Unfortunately, we are not free of the chaos of the governmental mismanagement he has delivered, including a record 35-day shutdown of many of the nation’s services and responsibilities.
The air is increasingly filled with talk of impeaching the president, on grounds of conspiracy with the Russians or of simple corruption in the way Trump has used public office to enrich himself. But it seems just as likely now that Trump could go down for rank incompetence in running the country.
An impeachable offense in practical terms comes down to what the House says it is in articles of impeachment, and then the Senate convicts or acquits. Trump could be discharged from his high office for failing, as the Constitution stipulates, to “faithfully execute the office of President of the United States.”
Meanwhile, a small army of Democrats has declared or is planning to seek the party’s presidential nomination next year, and much of the speculation runs to which one of them would have the best chance to unseat Trump.

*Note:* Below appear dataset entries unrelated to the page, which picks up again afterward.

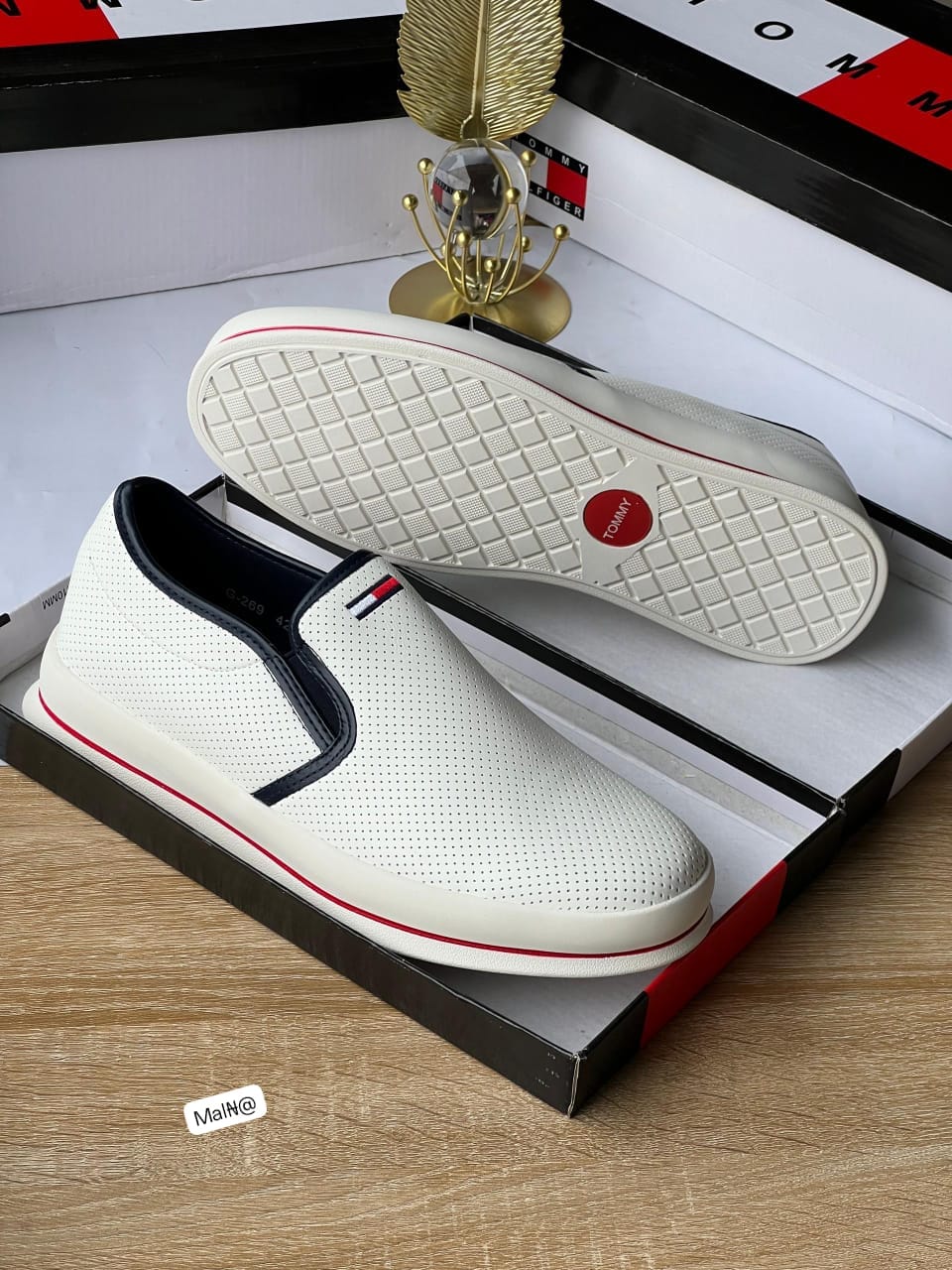 Tommy Hilfiger Men's Premium Leather Slip-On Sneakers - Image 2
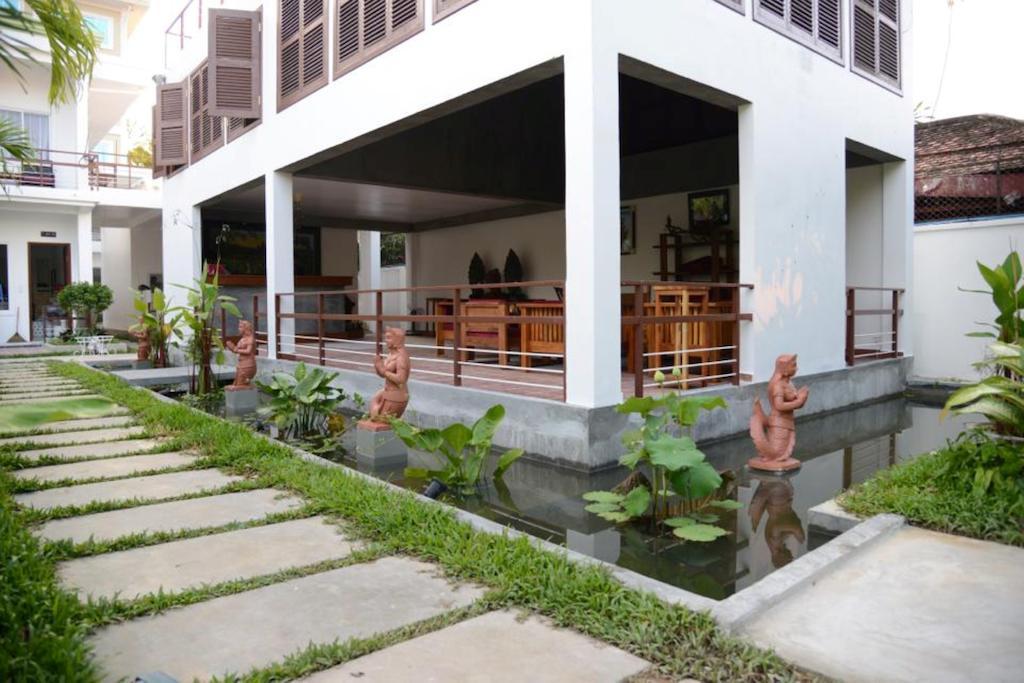 Ropanha Boutique Hotel Sihanoukville Exterior foto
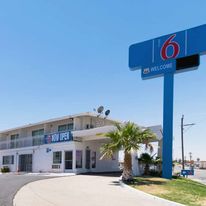 Motel 6 Barstow, CA - Route 66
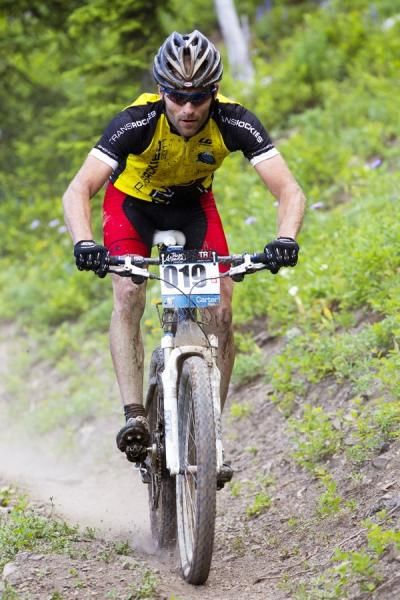 A team Fernie rider Carter Hovey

Sen. Elizabeth Warren of Massachusetts has opined that Trump may not be president, much less a free man, by the time of the November 2020 balloting.
While that may be Democratic wishful thinking, the mounting cases against Trump from the Justice Department, the judicial Southern District of New York and emolument clause sleuths into his various enrichment schemes could foresee a pre-2020 ouster, or even resignation. That outcome may seem far-fetched as of now, considering Trump’s narcissistic self-appraisal and clear indications of his determination to slash and burn his way out of his current dilemmas.
But that could change if his family members find themselves in legal jeopardy.
Richard Nixon 45 years ago fought to the 11th hour of his own likely impeachment before Senate friends told him the White House tapes assured the jig was up, and he chose resignation. Who are the Senate Republicans, currently cowed by Trump, who would do the same today, and would this president listen to them?
In any event, the best recourse for the Democratic Party hoping to be the instrument of ending the Trump era might be coalescing around one challenger.
But its ranks now are divided among old liberals, moderates and conservatives, as well as progressives bolstered by new millennial political movements. So coming together behind one candidate won’t be easy.
On paper, former Vice President Joe Biden has the right credentials, but at 77 he’s hardly the fresh face the new generation wants.
Meanwhile, Trump plays the tired old card of casting “socialism” as a dirty word. But many voters now embrace its most basic tenets of enlisting government to advance the well-being of all, including those on the lower rungs of the economic and social ladder. So the former dirty word may well have been scrubbed much cleaner by now.